Paralelamente, el anuncio de incrementar veinte por ciento la Guardia Estatal apunta a músculo operativo, presupuesto creciente y mayor capacidad de presencia territorial sostenida real.
El reclutamiento fuera del estado revela interés laboral, pero muestra carencias históricas: ser policía aún compite contra riesgo, estigma y expectativas salariales bajas persistentes estructurales.
Más elementos ayudan, pero no bastan; profesionalización, investigación y fiscalías eficaces son claves para romper ciclos de impunidad que erosionan confianza social ciudadana constante profunda.
Aquí aparece la encuesta de la empresa Emotegia: crimen organizado, extorsión y robo siguen siendo miedos centrales, condicionando evaluación ciudadana más allá de discursos oficiales triunfalistas recurrentes.
El dato incómodo es claro: policías estatales cargan menor confianza que fuerzas federales, señal de desempeño desigual y comunicación institucional insuficiente persistente cotidiana crítica pública.
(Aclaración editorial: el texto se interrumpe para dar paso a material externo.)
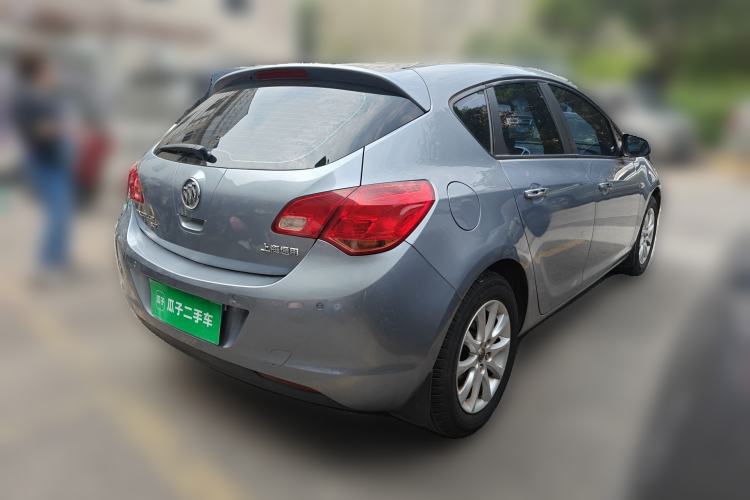 Used Buick GT 2012 XT 1.6L Automatic Fashion Edition Rear Right 45 Deg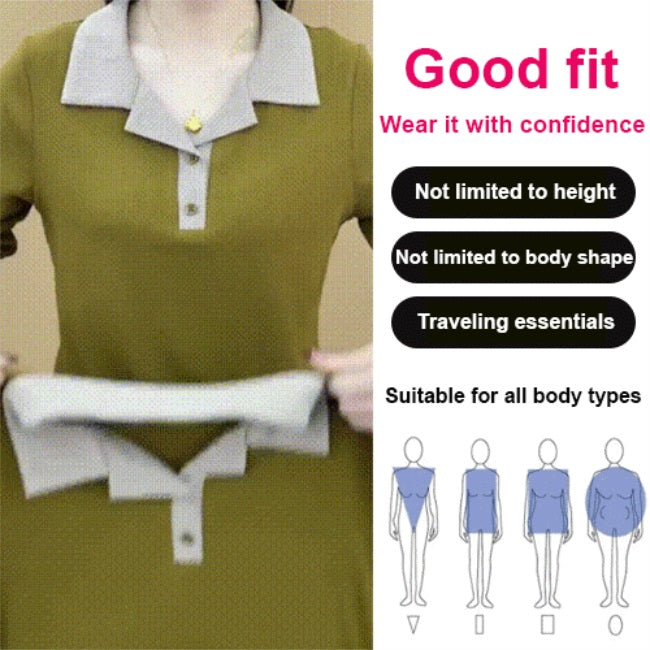 Fashionable turndown collar color splicing long-sleeved top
En Tamaulipas, la percepción baja exige paciencia y consistencia; los resultados tardan en sentirse, aunque los indicadores comiencen a moverse lentamente, socialmente, territorialmente sostenidos y verificables.
La estrategia federal de reforzar policías y fiscalías acompaña el esfuerzo local, pero demanda coordinación real para que los casos lleguen a sentencia firme y pronta.
Desmantelar cámaras, reclutar policías y modernizar tecnología suma, pero la ciudadanía juzga la seguridad cuando no disminuyen extorsiones y robos en su colonia.
La percepción no cambia con boletines; cambia con calles tranquilas, tiempos de respuesta cortos y sanciones visibles a quienes delinquen efectivamente sin excepciones sistemáticas creíbles.
Y sí, Tamaulipas avanza entre claroscuros: hay estrategia y recursos, pero el reto mayor es convertir esfuerzo institucional en tranquilidad cotidiana y duradera.
En eso están enfocados tanto el Secretario de Seguridad Pública Carlos Arturo Pancardo y el titular del Secretariado Ejecutivo del Sistema Estatal de Seguridad Pública Willy Zúñiga quienes van en una ruta clara y leal con el gobernador Américo Villarreal Anaya.
Si en el 2026, las acciones contra la delincuencia continúan como lo ha hecho hasta hoy el Secretario de Seguridad y si se mantiene un trabajo de estabilidad y estratégico desde el Secretariado, el gobierno en Tamaulipas tendrá una efectividad real para seguir reduciendo los índices de inseguridad.